To: Moominoid who wrote (35331)6/1/2008 7:16:01 AM
From: elmatador  Respond to of 219507
 
Ignorant masses, 1986 Chernobyl and suffering today. Then the ignorant masses pushed governments to phased nuclear. Today there’s an U-Turn. Need nuclear as fixed fuel.
Beware of ignorant masses using popular pressure for governments to act. They all end up doing bad to themselves. Same with Greenism. Forced governments to remove everything from mobile fuels, sulphur, CO2, NOx… Huge costs to car makers and to refiners of crude. Today they suffer.

>>But conditions were very different in the 1980s, when European countries turned away from nuclear power: Oil cost under $50 a barrel, global warming was a fringe science and climate change had not been linked to man-made emissions. Perhaps more important for the public psyche, Europe’s nuclear bans and restrictions were almost all enacted in the years after the 1986 Chernobyl disaster in the Soviet Union.<<

Italy Embraces Nuclear Power
within five years it planned to resume building nuclear energy plants, two decades after a public referendum resoundingly banned nuclear power and deactivated all its reactors.

nytimes.com

Petrobras is planning thermo power plant inside a ship. Right on top of the gas field in Santos Basin. Lay cables to the coast and rake in the cash. No land required. No IBAMA authorization need, no infrastructure impact.

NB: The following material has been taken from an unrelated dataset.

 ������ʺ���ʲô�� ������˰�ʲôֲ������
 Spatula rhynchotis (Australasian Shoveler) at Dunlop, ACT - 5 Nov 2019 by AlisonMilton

The best solution is to Chinese build a nuclear power plant inside a ship, park. Hook the country to the power plant and rake in the cash.

It is time to pay the price for two decades of Greenism, misguided environmentalism practices, losses and junk science and policies based on pseudo-science. Pay dearly in terms of costs. Before it was just sign a new law, out a stamp of greenism and the ignorant masses were happy. But reality has a nasty way to bite back. And it is biting painfully where it hurts mostly. In the pocket of the ignorant shallow knowledgeable OECD subject who fell for that green stuff in kindergarten.

Reverse of the perverse greenism laws is most welcome. Lots of artificial innefficiencies thrown in the economy must be removed all at once.



To: Moominoid who wrote (35331)6/1/2008 9:08:46 AM
From: elmatador  Read Replies (1) | Respond to of 219507
 
The Cornell Professor? The one who died 2007?
Resource economist Duane Chapman dies at age 66
Duane Chapman, Cornell professor emeritus of environmental economics, died at his home in Newfield, N.Y., July 29, after a brief illness. He was an expert in electricity markets, world oil prices and security, renewable energy costs and policy, climate change and energy use.


Chapman


Born in Sioux City, Iowa, Chapman received his B.A. (1961) from Michigan State University and his M.S. (1967) and Ph.D. (1969) from the University of California-Berkeley. He retired from Cornell in 2006 after 36 years as a professor in the Department of Applied Economics and Management.

The author of "Environmental Economics: Theory, Application and Policy" (1999) and "Energy Resources and Energy Corporations" (1983), Chapman published many scholarly journal articles and belonged to various professional societies, including the American Economics Association, International Association of Energy Economists, Association of Environmental and Resource Economists and the International Society of Ecological Economics. He was a member of Who's Who in America and Who's Who in the World. Chapman also worked extensively in South Africa, Zimbabwe, Siberia, Russia and Iran. Underlying his work was his heartfelt belief that education at all levels about the real world is the best way to improve people's lives and the environment.

Chapman is survived by his two daughters and their mother, Mary Chapman; his partner, Alice Brody, and her daughter, and extended family.

Friends can call from 4 to 6 p.m. on Aug. 1 at Bangs Funeral Home in Ithaca and after calling hours at Chapman's home at 130 Jackson Hollow Road, Newfield. A memorial service will be announced at a later date. In lieu of flowers, donations in Chapman's memory can be made to Munhu Inc., P.O. Box 1966, Coppell, TX 75019 (http://www.munhu.org), an organization that provides school fees for Zimbabwean AIDS orphans.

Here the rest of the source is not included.